-- Aim of the exercise --
Exclude every picture. Output verbatim the lines from the one containing "Used 2009 Volvo" to the end of the data.

======== Given information

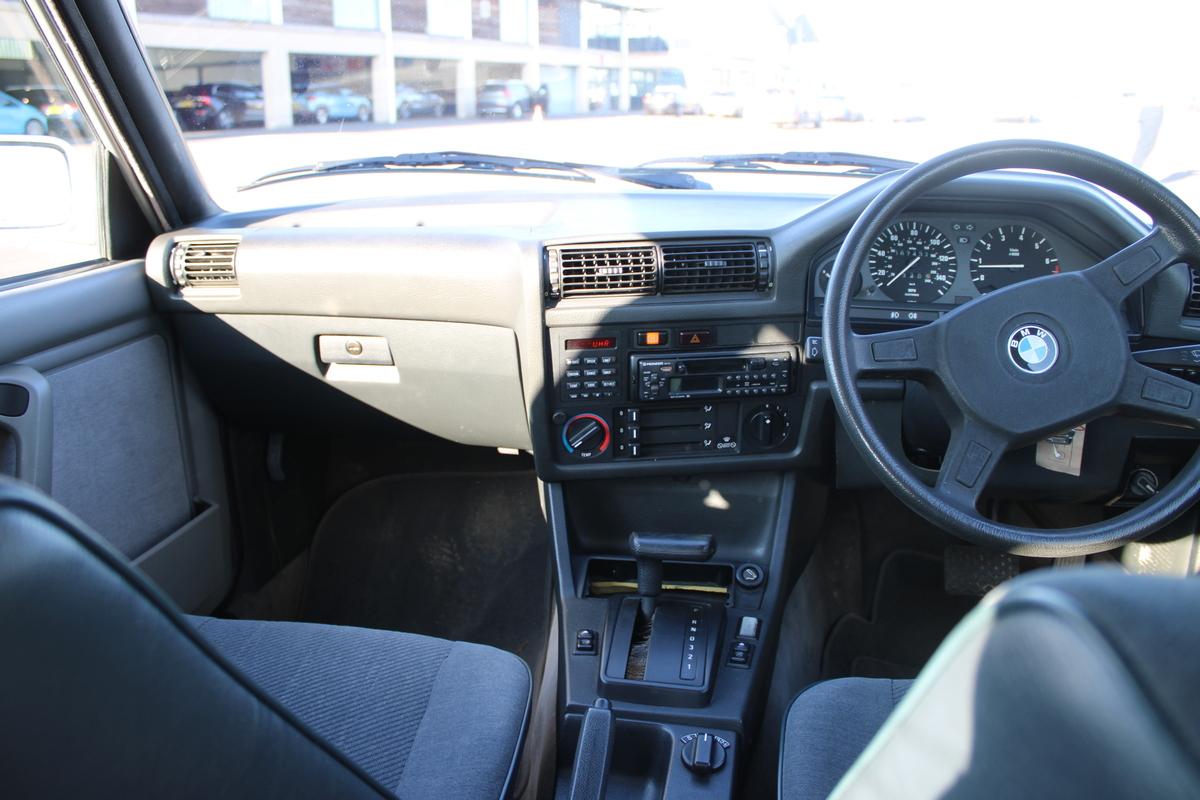 1990 BMW 325I SE AUTO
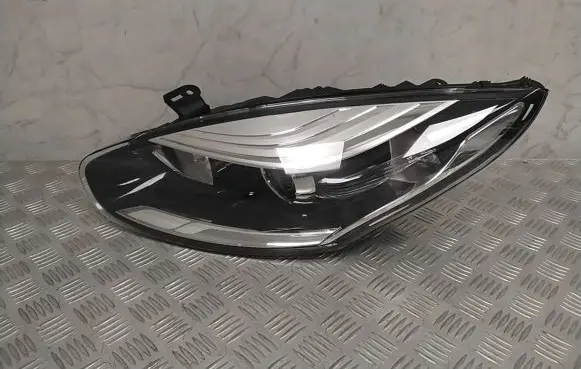 Renault Megane III Headlight/headlamp 130702447800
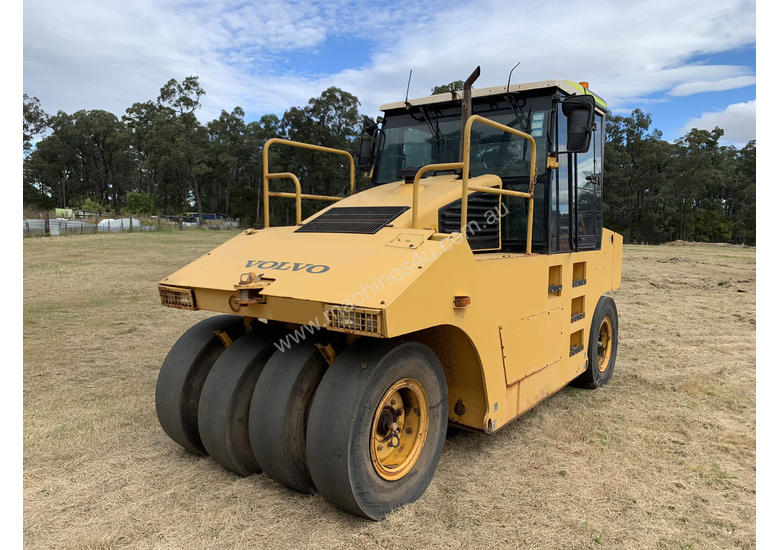 Used 2009 Volvo Volvo PT 240 Static Roller Roller Compacting Multi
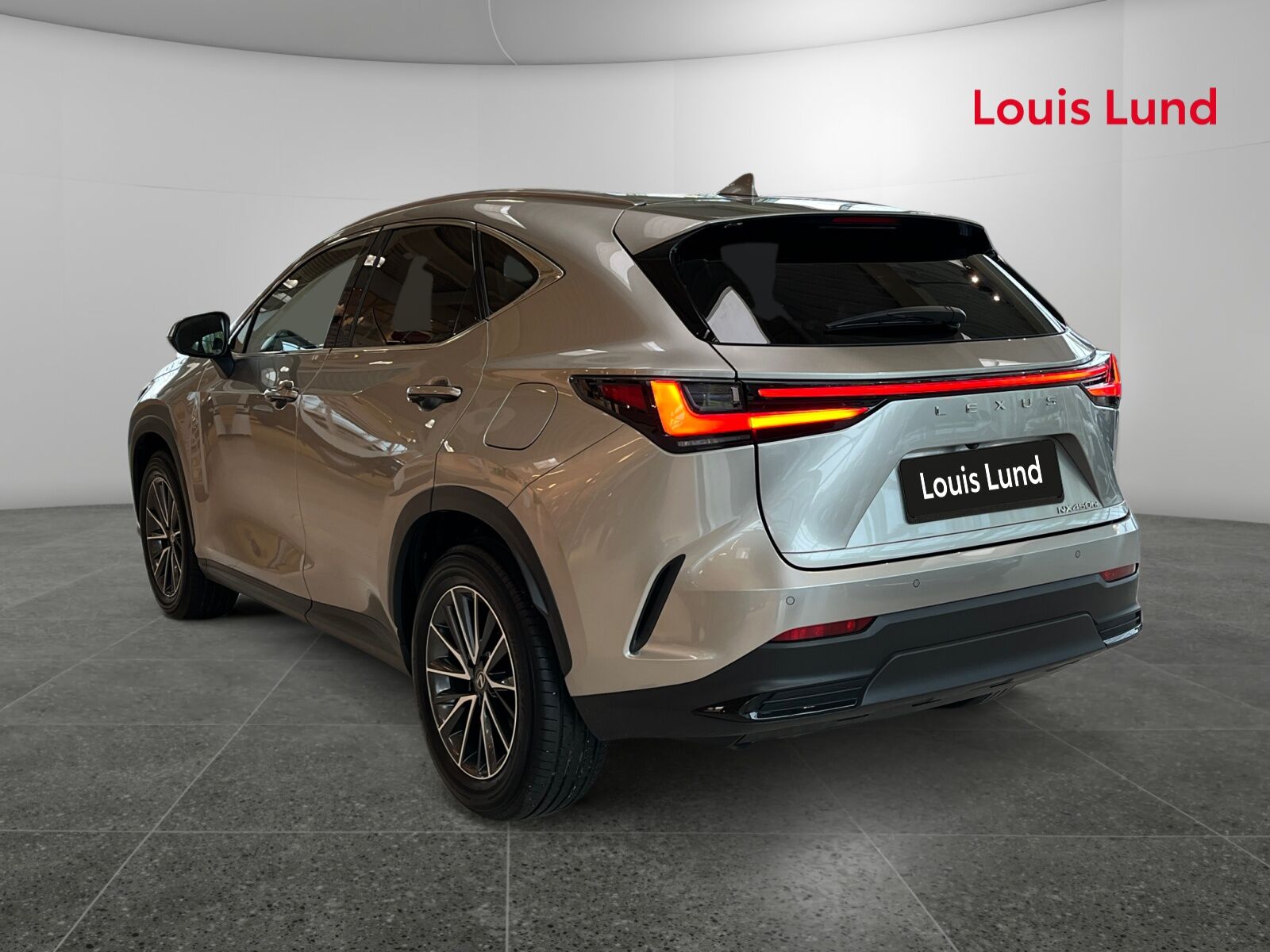 Billede af Lexus NX 450h+ 2,5 Plugin-hybrid Business Plus 4WD 309HK 5d Trinl. Gear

================

-- Solution to this exercise --
 Used 2009 Volvo Volvo PT 240 Static Roller Roller Compacting Multi
 Billede af Lexus NX 450h+ 2,5 Plugin-hybrid Business Plus 4WD 309HK 5d Trinl. Gear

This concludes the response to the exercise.